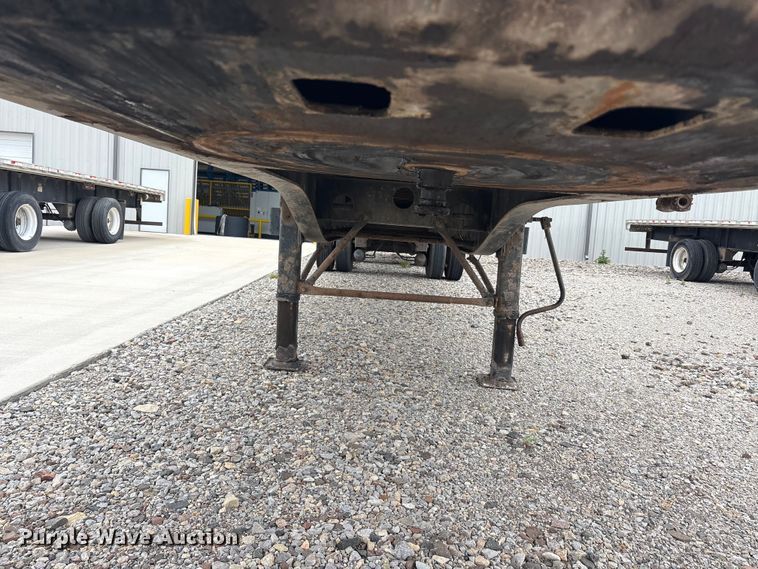 image for item EU0483 2006 Transcraft Eagle IIN W2 flatbed trailer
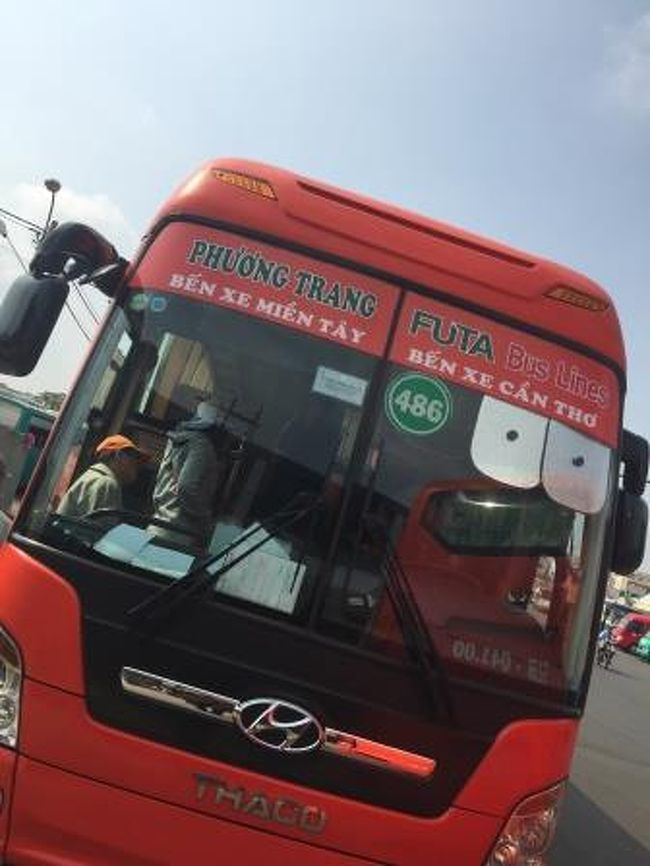 こちらのバスで、目指す先はメコンデルタ最大の町「カントー」です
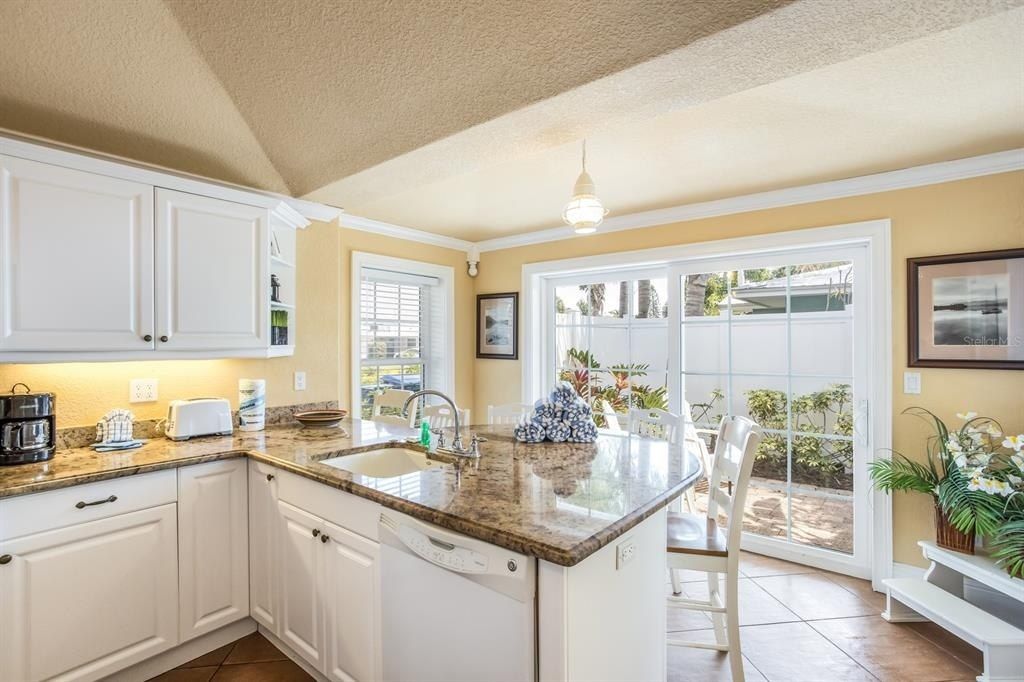 6606 Holmes Boulevard, Unit 3, Holmes Beach, FL 34217 Photo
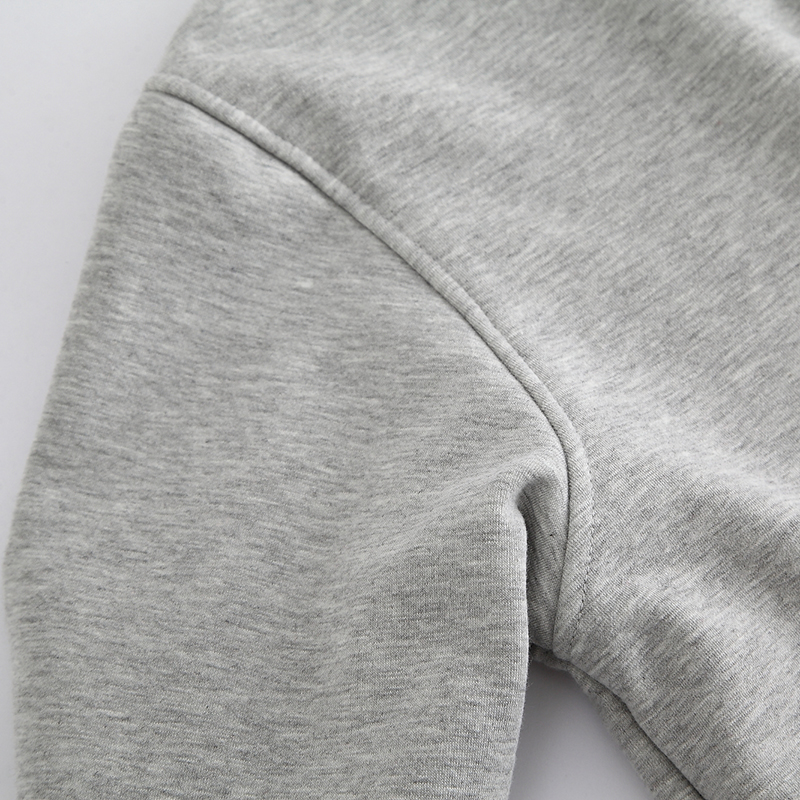 Mùa đông cộng với áo len nhung cổ tròn dày cotton ấm áp áo thun dài tay cộng với phân bón XL chất béo áo trẻ trung áo thun nam tay lỡ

────

▶ _Assignment_
What is needed here is each line above set down word for word, minus the images.

▶ _Expected answer_
 image for item EU0483 2006 Transcraft Eagle IIN W2 flatbed trailer
 こちらのバスで、目指す先はメコンデルタ最大の町「カントー」です
 6606 Holmes Boulevard, Unit 3, Holmes Beach, FL 34217 Photo
 Mùa đông cộng với áo len nhung cổ tròn dày cotton ấm áp áo thun dài tay cộng với phân bón XL chất béo áo trẻ trung áo thun nam tay lỡ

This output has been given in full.